Review by Evil Dave
"This game's ambition turns out to be its worst flaw."
Ever since The Matrix burst onto the pop-culture scene back in 1997, videogame shooters have been progressing more and more towards the realm of ‘cool.’ With this progression, we’ve seen some great games come onto the scene (Max Payne, from which this game no doubt takes at least some inspiration, immediately comes to mind); however, despite the positives, we’ve also seen several clunkers as a result. Dead to Rights, starring one-man army Jack Slate, is yet another addition to the annals of the 3rd-person shooter genre. It claims to offer ‘Super-Charged Hong Kong-style action,’ ‘Hours of brutal gun-blazing action,’ and an ‘Immersive story.’ The end result is a game that offers a mixed bag of fun and frustration, which will ultimately either leave you wanting more, or wanting out. Here’s why:
The game’s interface is simple and functional. You’ll have all your options ready for you at the main menu, though you probably won’t be there for very long. The same goes for the in-game pause menu; it shows you everything you need, including in-game control options that can be changed on the fly. There’s nothing here that stands out in any way, and that’s always good.
The game features many storyline-expanding cutscenes. These come in two flavors: CGI interludes that play between levels, and in-engine cutscenes that happen to introduce new objectives, characters, and a few plot points. The CGI is generally well done, and showcases some nice effects. The in-engine cutscenes aren’t a problem either, getting the job done without distraction.
The in-game graphics are, alas, a bit dated. The characters are all modeled in an unabashedly stylized way, and look blocky as a result. If you don’t like them, then you’re out of luck, as you’ll be seeing many a clone as you progress through the game. Environments are similarly uninspired, with bland textures everywhere you look, and minimal environmental interaction. The color palette seems to focus toward the darker end of the spectrum, although that fits in well with the tone of the game. Despite this, you’ll still be crying for a light switch at times.
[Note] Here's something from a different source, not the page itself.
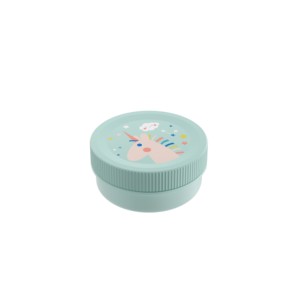 SIGG Lumo Snackbox 0.3L Kids Unistars for <b>Lunch</b> <b>Boxes</b> - Product Image 1
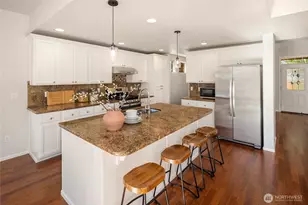 2441 31st Ave NE, Issaquah, WA 98029 - Photo 15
The visuals in this game aren’t terrible, and they get the job done adequately; however, for a game that doesn’t really stand out in any other way, this is more a detriment than an advantage.
Sound effects are very bland in Dead to Rights. You’ll hear the normal array of booms, pows, snaps, and cracks, but nothing will catch your ear. Everything is synched up right, and sounds like it’s in the right place. This is another area where average is the key word, although here it doesn’t hurt the game.
The voice acting is well done. Granted, the lines are cheesy, and the characters really don’t have a lot of room for emotion, but everything feels right about the vocal performances. Jack is constantly cracking wise, and some of his lines are delivered very well. He’s also very good in the cutscenes. Other characters are, for the most part, on par with Jack’s acting; your assortment of associates and enemies in the game will sound as you would expect.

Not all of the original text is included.